Edited 2007-08-05 16:03

Reply Score: 2

re: From a dial-up user...
by distantvoices on Sun 5th Aug 2007 16:14 UTC
distantvoices
Member since:
2005-07-06

Have amended this. Now its a 34 k png image. Should load way nicer.

@kroc: you are ofcourse right. The screenshot page althou may remain as it is for the next time. I lack the ressources (time especially) to convert all the big stuff to *.jpg or *.png - but this is on the todo list.btw, for your info, I'm working with linux.

Some addons - I should mention this on my web too:

The OS boots fine in vmware. There may be some trouble (big delays) if a hard drive is present.

As for the boot device: I've implemented a rather naive probing mechanism, which tests the cdrom drives for something mount-able.

If you assign the virtual machine 256 mb of ram, this should make the OS quite happy. It shouldn't be that memory hungry (128 mb shall be enough, honestly)

It also probes for a proper graphics mode.

If you try to start the OS in qemu (which supports up to 16 bpp in 1024*768) it finds the proper mode to operate with - the 16 bpp.

If booted up properly - and the login window appears: select any user and click "login" to proceed.

In the shell, you may try out "help" for a rough overview of available commands. :-)

stay safe

ps:ameasures, either talk plain or leave it at all. Envy is a bitch, are you feeling her stitch?
I have no hankering for decoding dodgy and inept placed metaphors. Thank you but so very much!

pps: To set things straight: I'm the one and only developer for BlueIllusionOS. I'm attending a university of applied science and earn my living on my own, so no wonder that it seems as if I don't care much about the looks of the web-site. ;-)

Edited 2007-08-05 16:32

Reply Score: 12

RE: re: From a dial-up user...
by Flatland_Spider on Mon 6th Aug 2007 06:54 UTC in reply to "re: From a dial-up user..."
Flatland_Spider Member since:
2006-09-01

Just out of curiosity, what made you decide to go in this direction?
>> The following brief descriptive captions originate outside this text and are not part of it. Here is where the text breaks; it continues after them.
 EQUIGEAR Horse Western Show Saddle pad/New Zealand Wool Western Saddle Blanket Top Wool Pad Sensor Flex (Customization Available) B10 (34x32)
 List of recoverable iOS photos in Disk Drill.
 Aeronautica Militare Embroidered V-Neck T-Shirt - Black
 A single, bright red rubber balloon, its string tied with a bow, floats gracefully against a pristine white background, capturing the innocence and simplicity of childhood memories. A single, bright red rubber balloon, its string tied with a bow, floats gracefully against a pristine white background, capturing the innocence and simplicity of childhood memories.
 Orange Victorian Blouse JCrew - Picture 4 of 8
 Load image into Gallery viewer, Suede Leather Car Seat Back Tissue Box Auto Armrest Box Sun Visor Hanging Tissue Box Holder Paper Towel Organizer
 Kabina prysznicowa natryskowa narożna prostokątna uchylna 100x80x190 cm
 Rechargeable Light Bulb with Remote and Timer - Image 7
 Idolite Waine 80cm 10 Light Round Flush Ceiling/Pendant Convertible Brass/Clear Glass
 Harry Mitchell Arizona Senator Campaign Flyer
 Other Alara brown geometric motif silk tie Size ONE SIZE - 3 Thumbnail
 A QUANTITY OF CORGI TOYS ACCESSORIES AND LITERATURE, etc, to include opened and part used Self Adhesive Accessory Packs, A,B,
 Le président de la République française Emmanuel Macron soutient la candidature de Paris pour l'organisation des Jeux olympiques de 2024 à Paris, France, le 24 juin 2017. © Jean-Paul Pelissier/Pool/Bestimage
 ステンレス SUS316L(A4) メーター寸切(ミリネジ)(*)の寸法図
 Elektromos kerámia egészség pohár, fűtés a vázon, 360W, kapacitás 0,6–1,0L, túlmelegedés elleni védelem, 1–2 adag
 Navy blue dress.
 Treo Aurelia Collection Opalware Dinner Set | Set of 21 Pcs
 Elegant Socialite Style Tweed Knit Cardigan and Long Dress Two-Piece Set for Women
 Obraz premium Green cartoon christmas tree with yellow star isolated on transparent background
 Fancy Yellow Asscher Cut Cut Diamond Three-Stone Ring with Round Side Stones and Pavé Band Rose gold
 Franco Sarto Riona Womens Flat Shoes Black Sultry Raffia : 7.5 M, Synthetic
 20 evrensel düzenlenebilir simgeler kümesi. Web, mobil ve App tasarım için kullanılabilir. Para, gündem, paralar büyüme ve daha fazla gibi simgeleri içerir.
Why not something more exotic, not that a microkernel isn't exotic.

Is this based on anything, like L4, Mach, or Minix?

What is the history of this and what made you decide to code you're own os?

What is the ultimate goal of your os?

Also, I like you web site. It's not pretty, but it has actual information and is easy to navigate which is what counts.

Best of luck!

Reply Score: 2

distantvoices Member since:
2005-07-06

@flatland_spider:
sorry for not responding earlier. ;-)

<quote>
Just out of curiosity, what made you decide to go in this direction? Why not something more exotic, not that a microkernel isn't exotic.
</quote>
I've decided to go in the micro kernel direction because I've found micro kernels to be easier to understand and far cleaner in terms of design and implementation.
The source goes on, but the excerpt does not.